Na super, ich hatte den Auftrag einer Kundin den PC zu formatieren, alles soweit kein Thema. Aus Outlook Express sollte ich nur das Adressbuch sichern, also hab ichs frohen Mutes exportiert, die daraus resultierende .wab Datei gespeichert und dachte mir alles wird gut.
Jetzt wollte ich grade eben dieses Adressbuch wieder importieren, doch was sagt mir der Lurch da ?

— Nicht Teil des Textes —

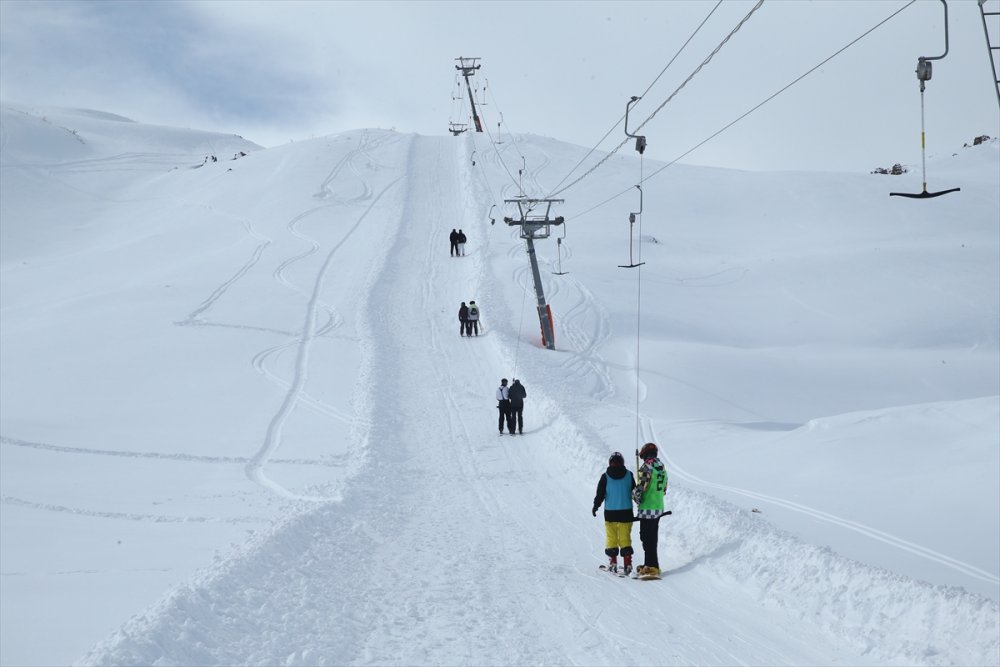 Hakkari Mergabütan Kayak Merkezi'nde Kayakseverler Bayram Etti
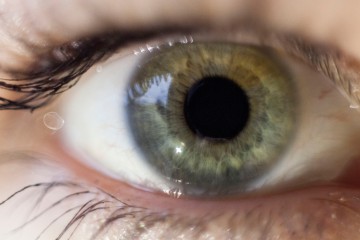 Cómo un ojo contraído podría ser un signo de algo grave y cuándo ver a su médico de cabecera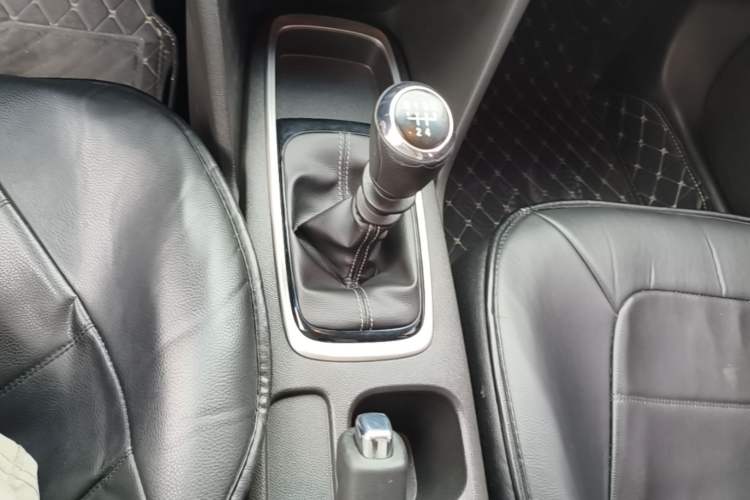 Used Chevrolet Cavalier 2016 1.5L Manual Enjoyment Edition Gear Lever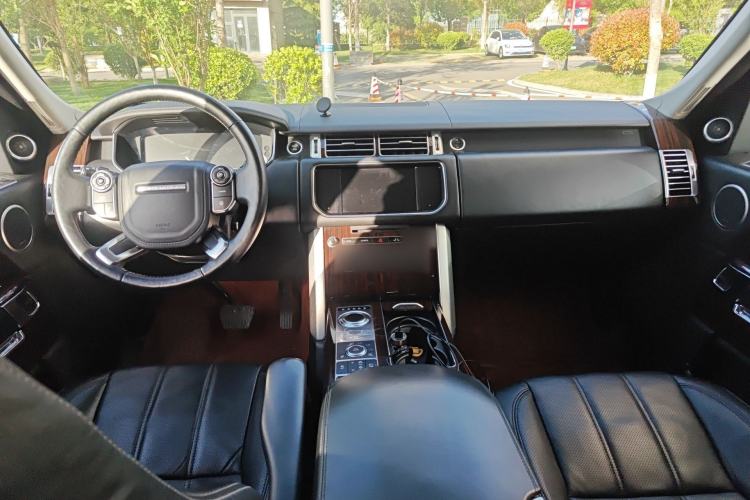 Used Land Rover Range 2013 5.0 SC V8 Vogue SE Center Console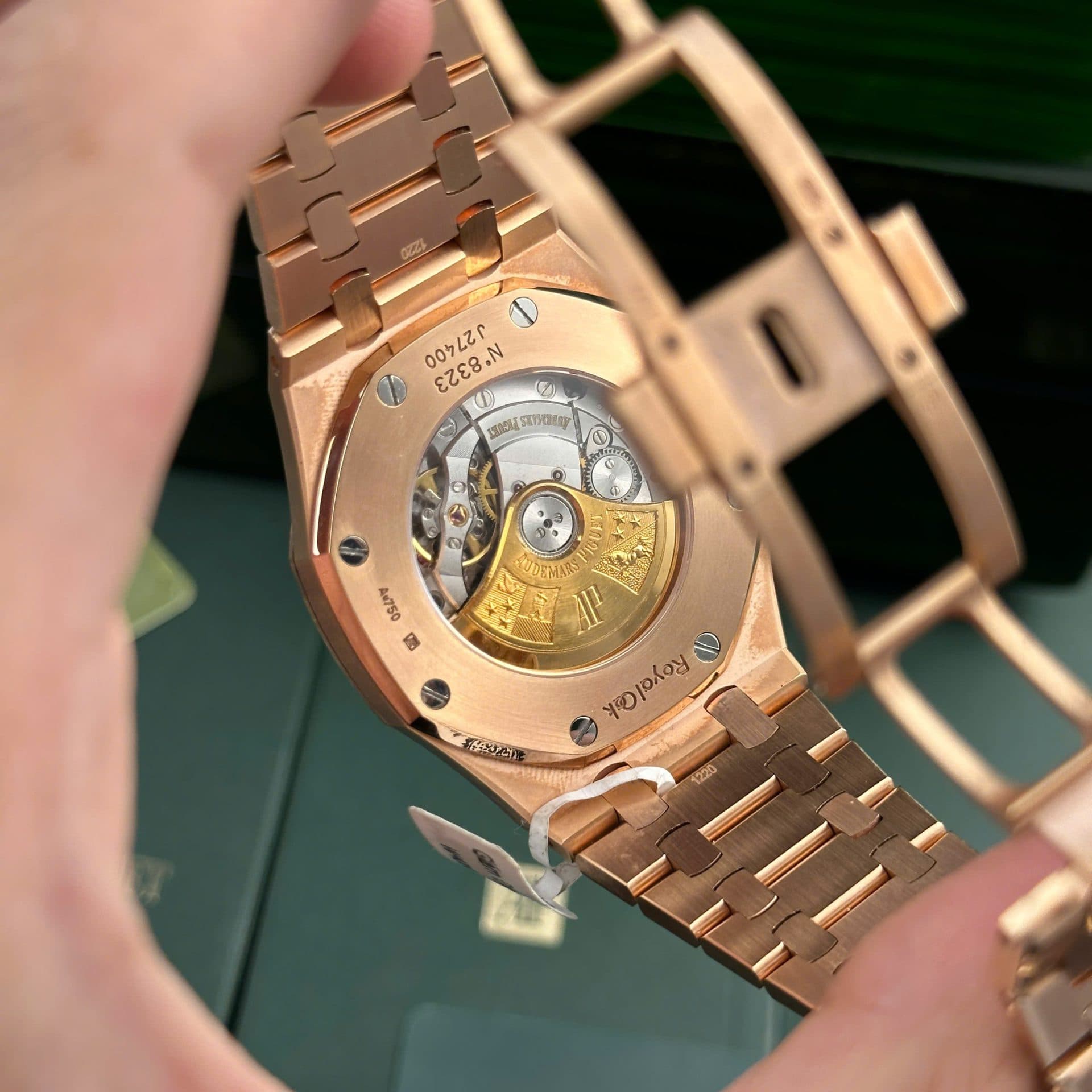 Dong-Ho-Audemars-Piguet-Royal-Oak-15400-Che-Tac-Boc-Vang-That-Mat-Den-ZF-41mm-7-1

> Während des Importvorgangs ist ein Fehler aufgetreten.
> Der Importvorgang konnte nicht abgeschlossen werden.


Nun zu meinen Fragen:
1) Wieso ?
2) Was kann ich tun ? Gibts eventuell andere Wege, dass Adressbuch erstmal in ein anderen von Outlook Express unterstütztes Format zu wandeln, oder zur Not das ganze in eine vernünftig zu lesende HTML Datei zu konvertieren ?


----------



## dfd1 (13. Juni 2003)

Mal ne Gegenfrage:
Wie kommst du zu ner .wab Datei?? Ich kann bei Outlook Express 6.0 nur ins Excahnge oder in ne .cvs Datei exportieren.


----------



## goela (13. Juni 2003)

Würde mal einfach die existierende WAB Datei auf dem neuen Rechner durch die "Exportierte" ersetzen. Wenn es ja das gleiche Outlook Express ist, müsstest Du wieder an die Daten kommen!

WAB = WINDOWS ADRESS BOOK


----------